Task to carry out — Only the stretch below from the line holding "LUYIN G512A-29 Gravata" through the line holding "Grommet Headbands for" should be restated, word for word and with both ends included; pictures stay out.

Data listing —
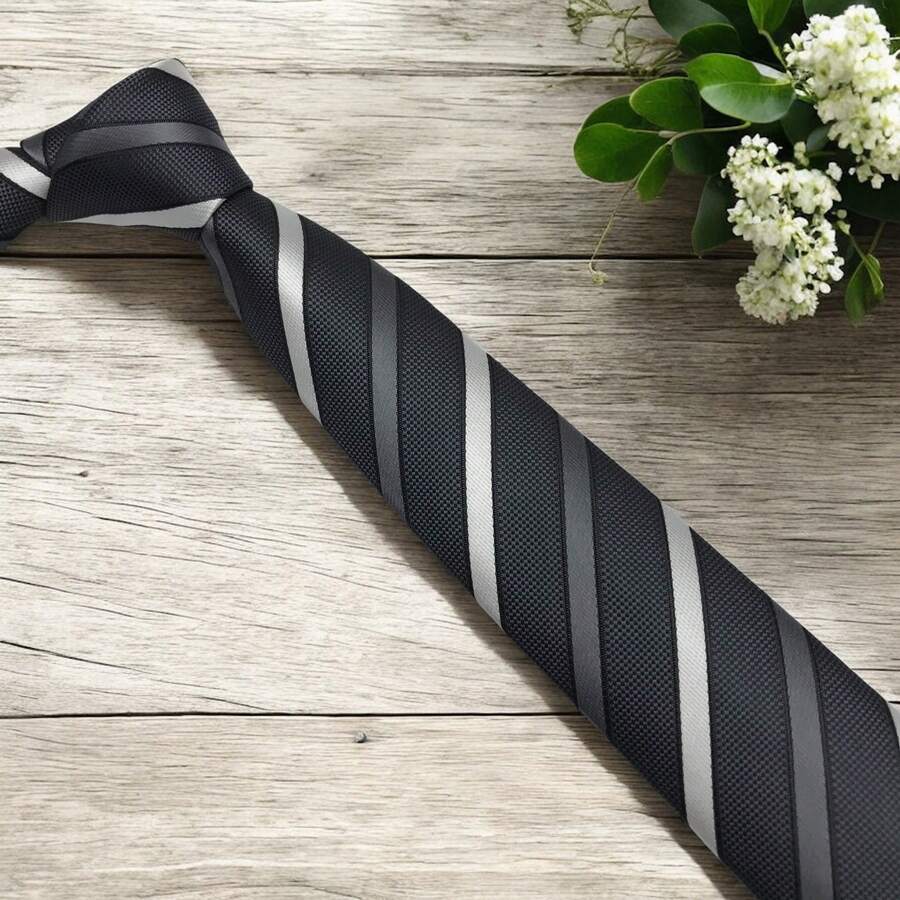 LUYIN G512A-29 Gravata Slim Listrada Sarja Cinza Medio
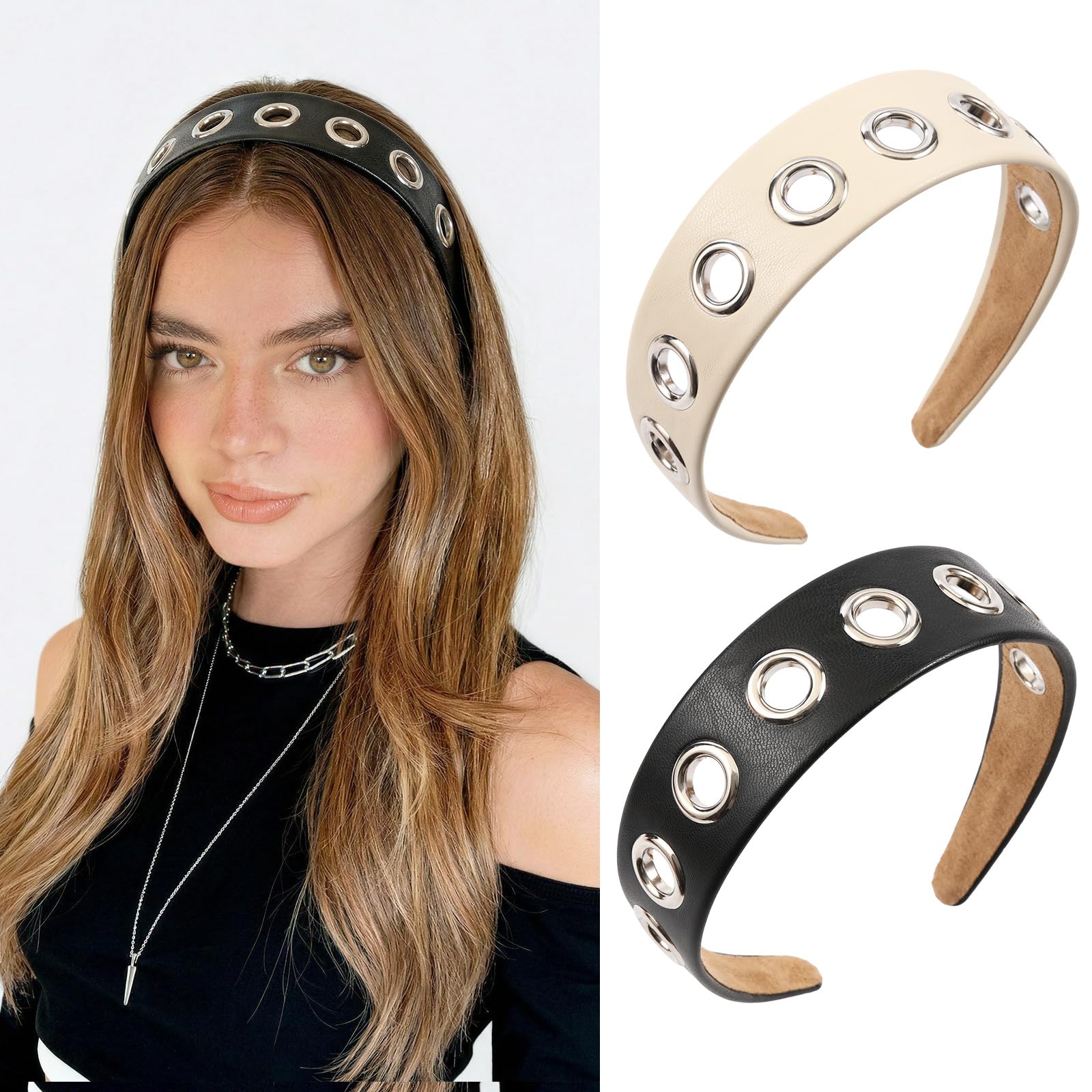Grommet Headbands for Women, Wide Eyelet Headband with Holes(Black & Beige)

---

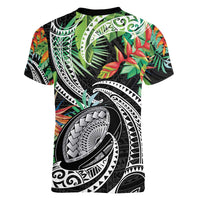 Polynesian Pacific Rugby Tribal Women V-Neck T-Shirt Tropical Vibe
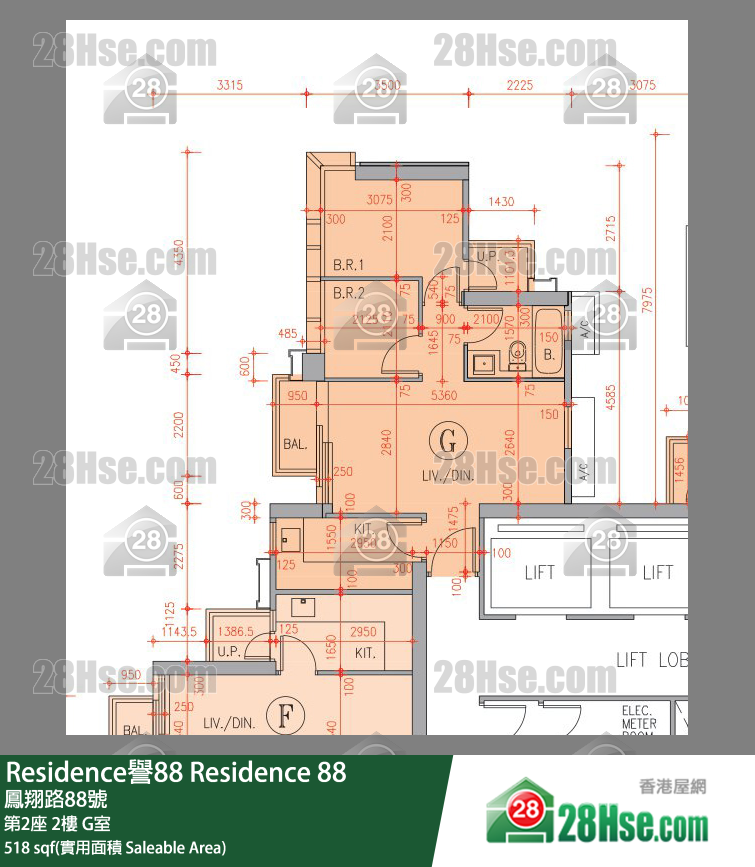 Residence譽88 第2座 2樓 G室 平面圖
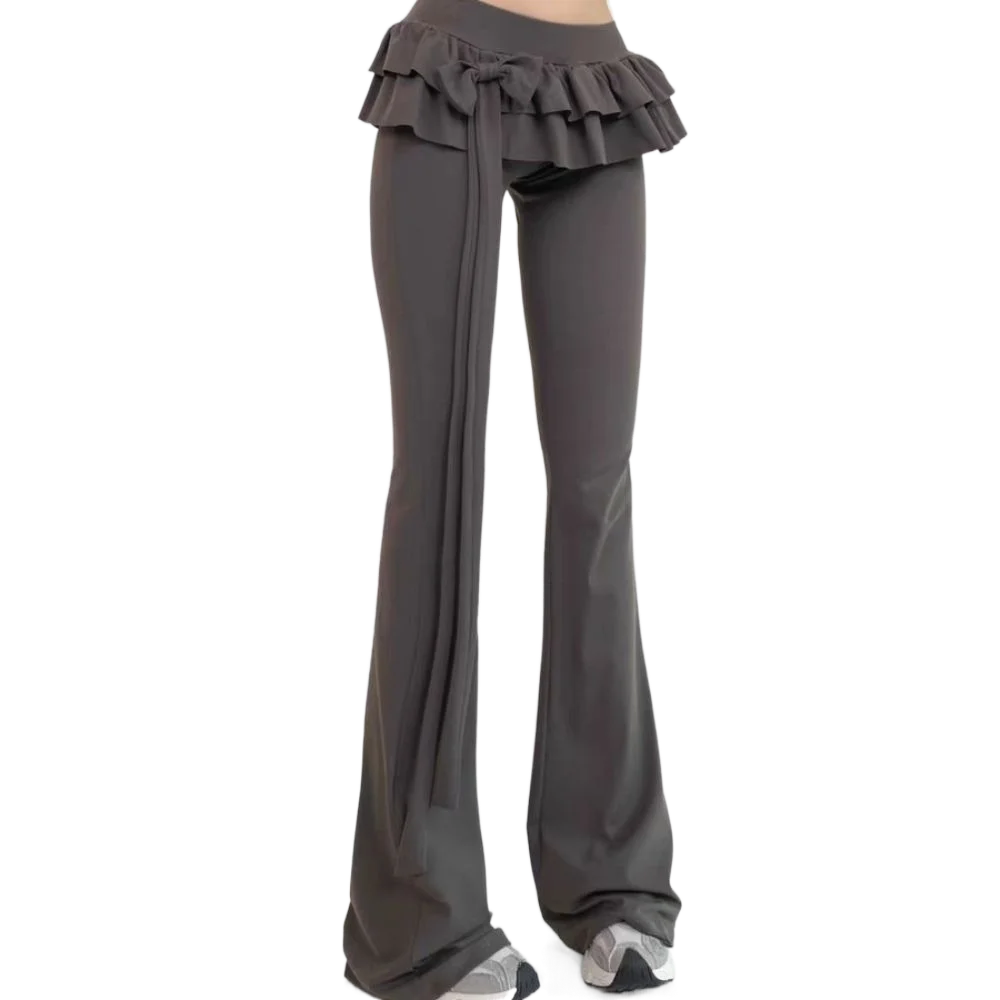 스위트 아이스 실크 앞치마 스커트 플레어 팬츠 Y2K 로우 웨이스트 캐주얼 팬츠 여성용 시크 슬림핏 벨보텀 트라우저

Output below —
 LUYIN G512A-29 Gravata Slim Listrada Sarja Cinza Medio
Grommet Headbands for Women, Wide Eyelet Headband with Holes(Black & Beige)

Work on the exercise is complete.